Sudeten Germans to open Prague office amid dispute over post-war expulsion
The dispute over the post-war expulsion of two and a half million ethnic Germans from Czechoslovakia was reinvigorated on Sunday, after the head of the Landsmannschaft - the largest organisation representing Sudeten Germans - appeared on a Czech TV discussion programme. Landsmannschaft chairman Bernt Posselt confirmed that plans were underfoot to open an office in Prague, a delicate announcement given the simmering dispute over the post-war expulsion and possible compensation. Earlier my colleague Rob Cameron spoke to the BBC's Petr Brod, a Czech journalist who has spent many years in Germany, and he began by asking him what the majority of Sudeten Germans really wanted from the Czech government.
"It's not really a new announcement.
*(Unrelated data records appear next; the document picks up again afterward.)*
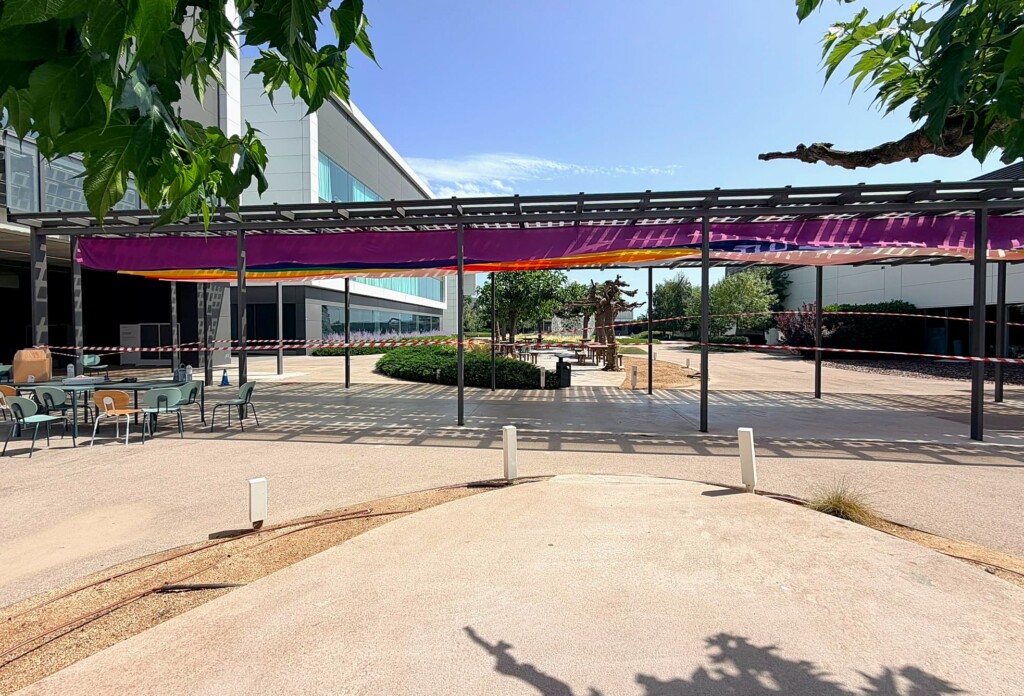 Overall view of the pergola with the Pride fabrics at Mango’s headquarters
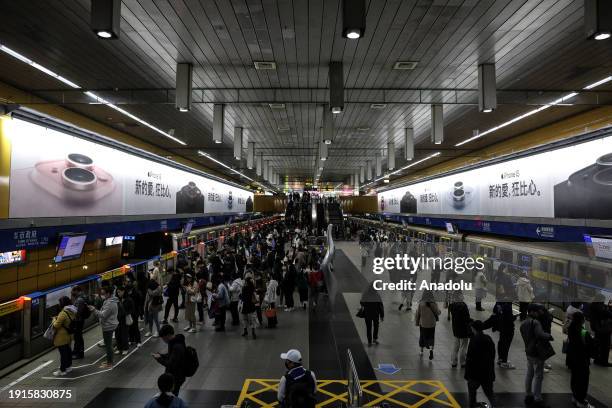 People walk on platforms at a metro station as daily life continues ahead of general election in Taipei, Taiwan on January 9, 2024. Voters will elect...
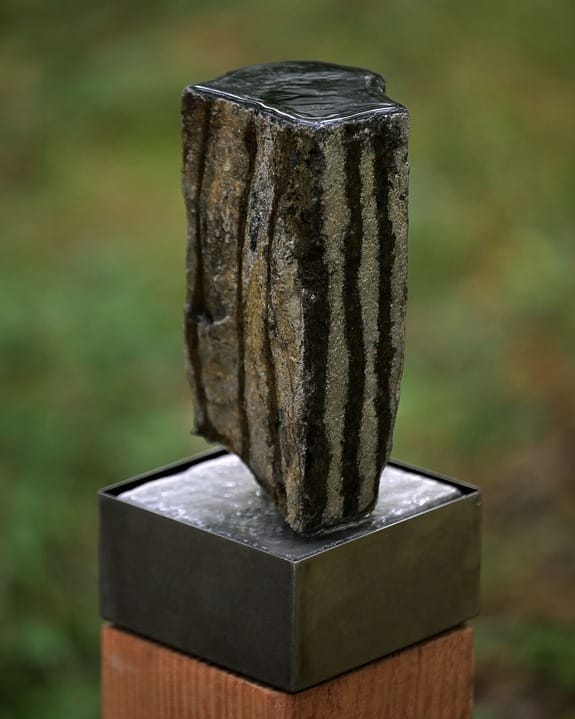 Vertical stone sculpture with layered textures on a metal pedestal, set against a blurred green background.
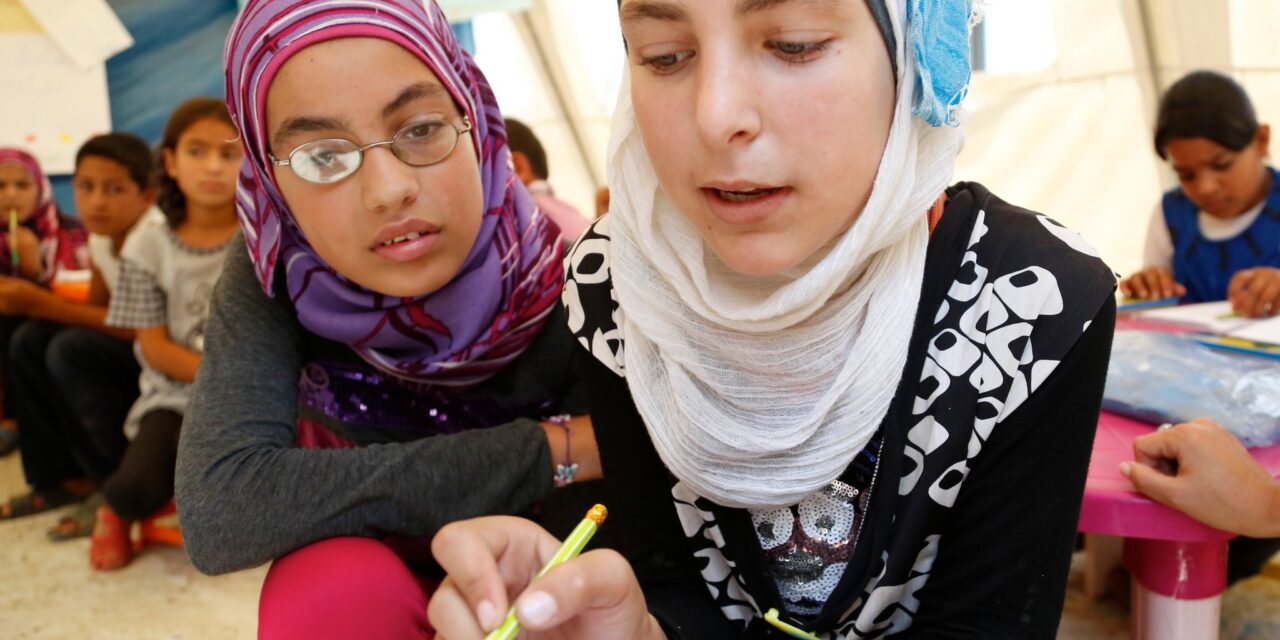 Two girls in  Lebanon tackling a maths question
It's one in a series of announcements that have been spread over the last three years or so. The Landsmannschaft has been saying that it intends to open a representation in Prague for such a long time that I really wonder whether they are really going to go ahead with it now. And I think one of their concerns is about security, which I understand, because that representation, when it happens, will be opened in a rather hostile environment."
Indeed. Of course Mr Posselt also issued an apology for the sins of the Nazi regime. Do you think that apology will be enough to satisfy his critics in the Czech Republic?
"I don't think so. And it was immediately visible in the reactions of the Czech politicians that Czech Television interviewed during the lengthy conversation with Bernt Posselt. I think those reactions were fairly representative of the general public view."
The BBC's Petr Brod, speaking there to my colleague Rob Cameron on the lingering dispute over the post-war expulsion of Czechoslovakia's Sudeten Germans.